The Torqeedo motors are just an advanced electric outboard motor. Different boat owners are coming up with different methods for retraction of their motors. One such method is by a linear actuator which is the retraction method used on "School's Out". 
This method works really well and you can see it in action here-
http://www.youtube.com/watch?v=mJv-lGPXxHc

On our racing electric cat project "Room With A View" we are still deciding on the best retraction method for the motors however I think it will be simpler than that used on School's Out. 
Our motor drive system will however be far more complex. We are using two Torqeedo motors (mounted on each hull) and are considering fitting a 9kW Thoosa (Lynch motor) to the centre leg. The Thoosa motor is a brushed motor with a 4 quadrant motor controller so we should be able to have a small amount of regeneration while sailing in strong winds.
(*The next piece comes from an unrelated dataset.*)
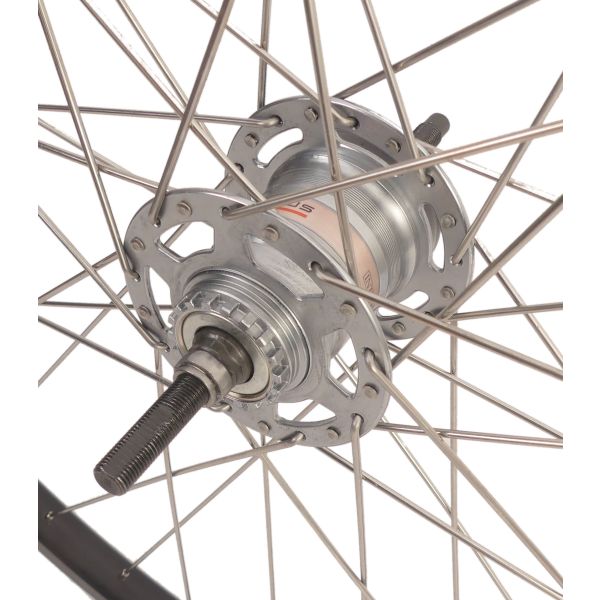Tormino ruota posteriore 28'' 622-19c Ryde Andra 30 cerchio con mozzo Shimano Nexus 3 - nero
We are fitting a Yanmar diesel motor which will run a triple alternator setup for battery charging. The Prestolite alternators have had their regulators set for optimal charging of lithium iron phosphate batteries.
The 48V battery bank with supply a sinewave mains power inverter to run all the electrical appliances like 3 fridges, freezer, microwave etc. on the boat and a DC/DC converter will supply 12V house power.


----------



## HYPRDRV (Aug 20, 2009)

BMI, I thought you said this is a race boat, 3 frigs and a micro??  I assume this is a long distance race boat and and an interesting power system to boot. 
Well I found out what my issue was on accessing the Brusa charger through Hyperterminal. The charger had a short cable on it to a rs232 connector. I added another cable to extend it to the computer and it turned out to be a "null" cable, switching the wires around. The Brusa needs the wires straight through and once I removed the cable and set the computer directly from the charger it jumped into action. Thanks for the help Brian, I wouldn't have tried it without the input. I'm still having an issue now with the ChargeStar software but I ran out of time before I could explore the options of getting it running. I'll keep this thread updated with issues and progress if there is interest. Plans for this winter are the addition of the PowerCheq and PakTrakr monitoring systems. The Link-10 I have now isn't working properly and isn't enough info for me so I'll give it a shot. Long range plans are for a bigger Genset to maximize the motors capacity for long distance sailing. 

Thanks again,
Steve


----------



## HYPRDRV (Aug 20, 2009)

Well I finally got the ChargeStar software to download. it wasn't real clear but the notes sheet gave me a hint. The Brusa has an AMP plug on the top with pins 2 and 3 connected which feeds the charger 12v power to run from. here's the procedure:
1. Disconnect charging power (In my case shore power)
2. Remove AMP plug from the top of the charger.
3. Remove jumper from pins 2 and 3. (I have since ordered a second plug)
4. Install RS232 plug to pins on Brusa 11,12, and 15.
5. Connect RS232 plug to computer and start ChargeStar program.

The program recognized the installed profile and I was able to save a copy to file. Printing is another matter I'm still working on, it's not as straight forward as hitting a print button but at least I was able to see what the Brusa was set to. 

Steve in Solomons, MD


----------



## HYPRDRV (Aug 20, 2009)

I haven't updated this string for a while so I thought I would give some info I have found out about the Brusa, Paktrakr, and ask a few questions about the PowerChek Equalizer system I'm contemplating. 
It turns out that the Brusa NLG5 doesn't have the capability to "step back", meaning go from trickle mode to maintenance mode or above. This was a big issue since unlike you wheeled folks I have much larger loads on the boat (frig,freezer, pumps and such) when on charge mode. This could easily exceed the trickle charge rate and was shutting off the charger. I would then come back in a week and find the batteries down to an unacceptable level. I thought about running a loop in the program such that if the trickle charge pack voltage ran down to a certain level it would run the previous program but when I approached Victor with this he suggested a time clock in line which would then shut the charger off at a set time over a 7 day period. This is ok but seems to be kind of a band aid. For some reason Brusa's older model (NLG4?) could step back so I don't know why they thought this was an improvement. 
I've installed the PakTrakr and am VERY pleased with it's info. That was the good news. The bad news is it showed I probably have 1 bad battery and possibly 2 others that were not up to speed. So at a cost of $600 ea. I'm now looking at an Equalization system. I had been looking pretty hard at the PowerCheq but found a few things that were bothering me. One was the fact that it seemed to be built to a max of 10 batteries and some have reported that the longer strings were having problems balancing the last 2. Since the last 2 batteries in my 12 battery string seem to be having a little problem then I thought this may be an issue. Since then I have found a little info on the HDM EQ battery Equalizers. Any input on these? Longer use input?

Thanks again for the Help 
Steve


----------